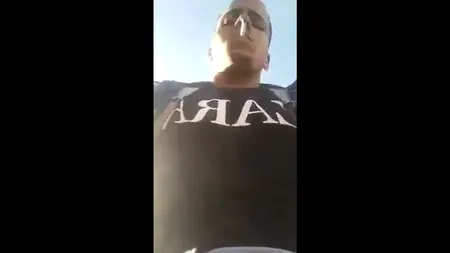 VIDEO. Un tânăr i-a furat telefonul unui bărbat chiar în timp ce făcea live pe Facebook. Peste 20.000 de oameni i-au văzut fața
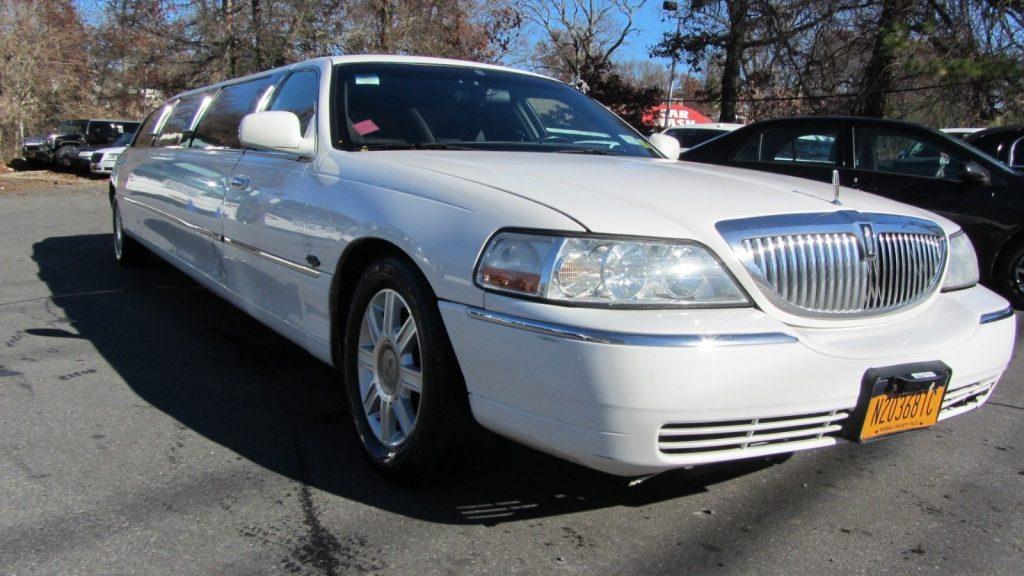 well working 2009 Lincoln Town Car limousine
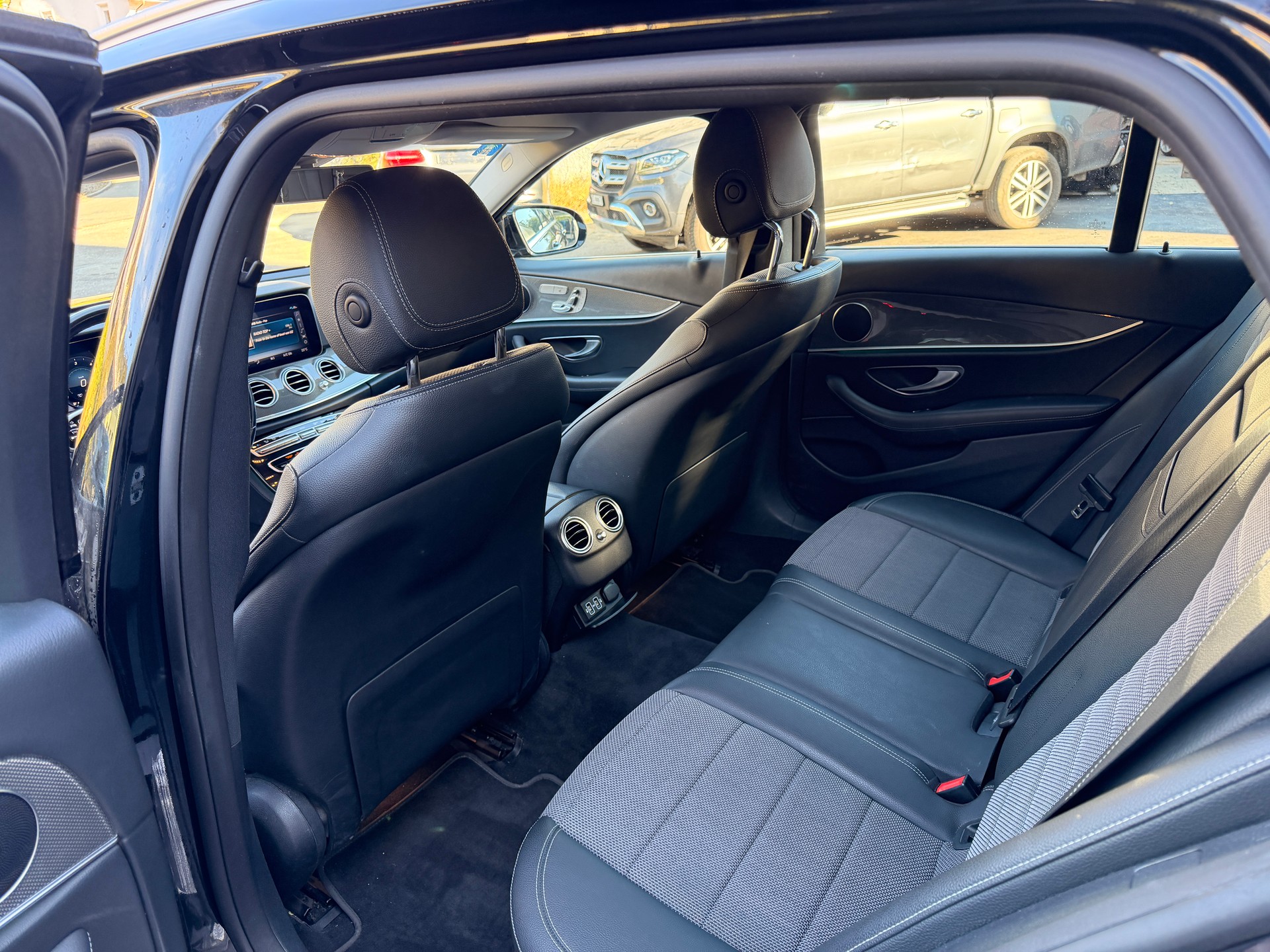 MERCEDES-BENZ E 220 d Avantgarde 4Matic 9G-Tronic-image-10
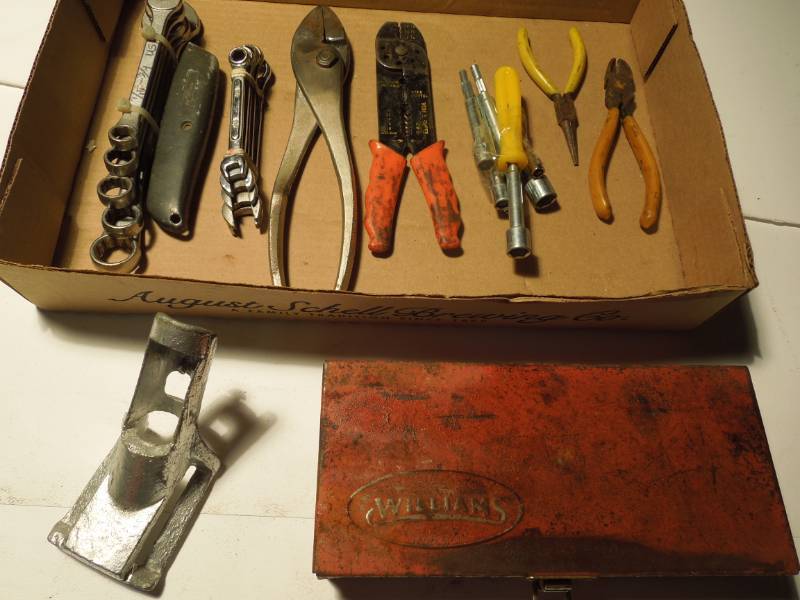 lot 99 image: Williams 38 Socket Set & Misc Tools & Flag Bracket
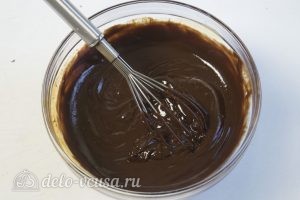 Шоколадно-карамельный торт: Остудить ганаш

====================

(PROBLEM TO WORK ON)
Give again exactly the lines from the one holding "lot 99 image: Williams" to the final line of the records, both ends included, and nothing more. Pictures do not belong in the copy.

(TASK SOLUTION)
 lot 99 image: Williams 38 Socket Set & Misc Tools & Flag Bracket
 Шоколадно-карамельный торт: Остудить ганаш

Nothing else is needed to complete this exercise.